REQUIREMENT:
Beginning with the line in which "Slow Cooker Chicken" appears, transcribe each line word for word until the records end. Do not include pictures.

(Saved entries)
*** Block opens ***

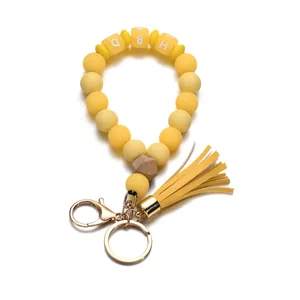 Détail de perles en silicone jaune avec touches de bois et breloques HBD sur porte-clés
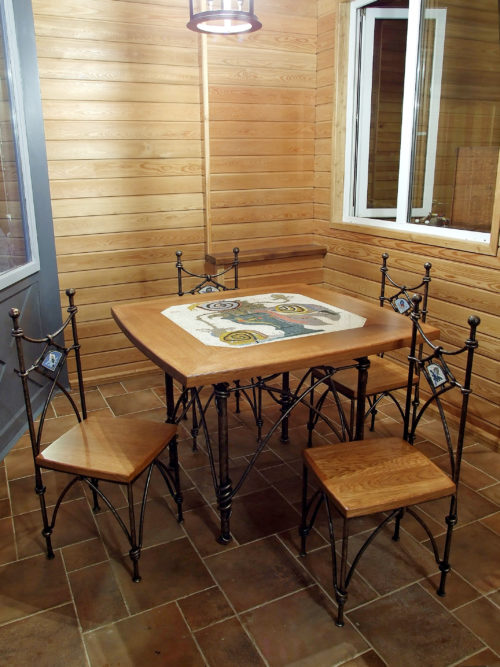 Комплект мебели: стол из массива с кованым основанием и четыре стула на кованом каркасе.
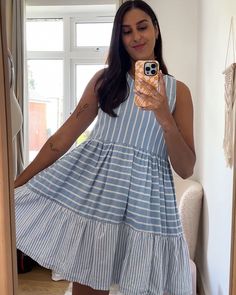 a woman taking a selfie with her cell phone in front of the mirror while wearing a blue and white striped dress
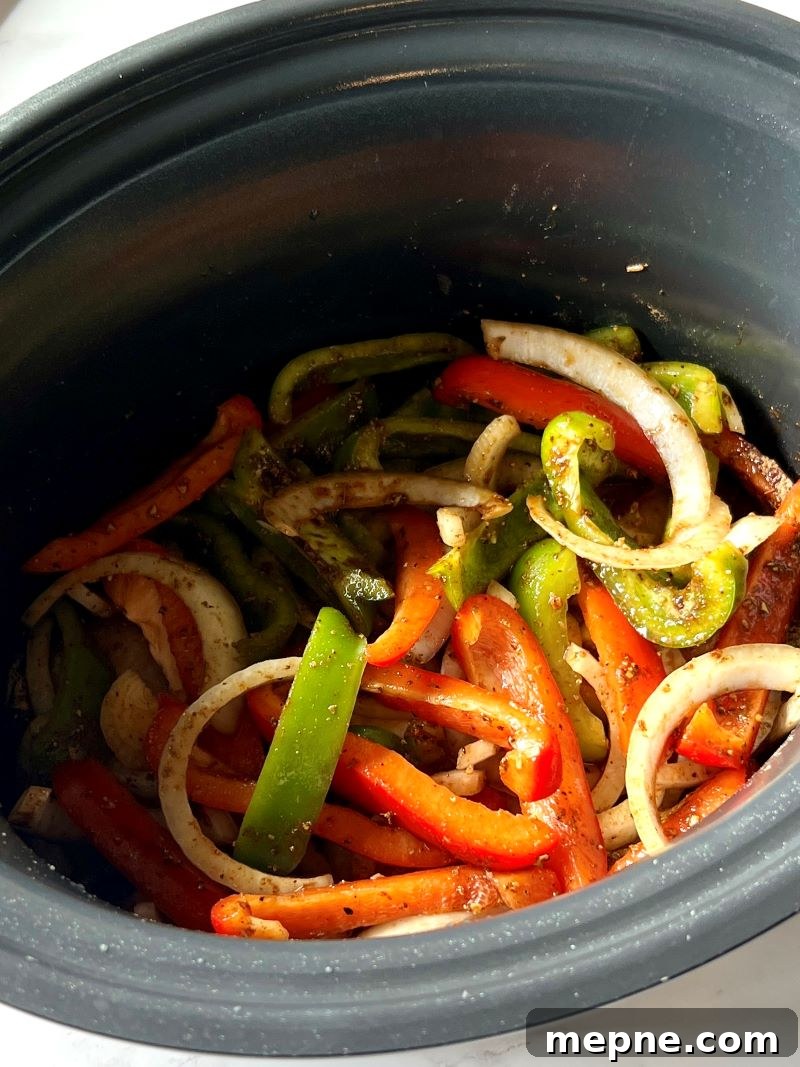 Slow Cooker Chicken Fajitas Recipe with Peppers and Onions 6 Peppers and onions in the slow cooker with chicken, fajita seasoning, and lime juice.
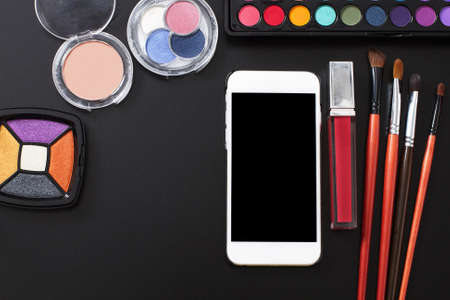Cosmetic products and make up accessories on black background. Smartphone with blank screen. Top view and copy space. summer colorsの写真素材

*** Block closes ***

SOLUTION FOR THIS EXERCISE:
 Slow Cooker Chicken Fajitas Recipe with Peppers and Onions 6 Peppers and onions in the slow cooker with chicken, fajita seasoning, and lime juice.
Cosmetic products and make up accessories on black background. Smartphone with blank screen. Top view and copy space. summer colorsの写真素材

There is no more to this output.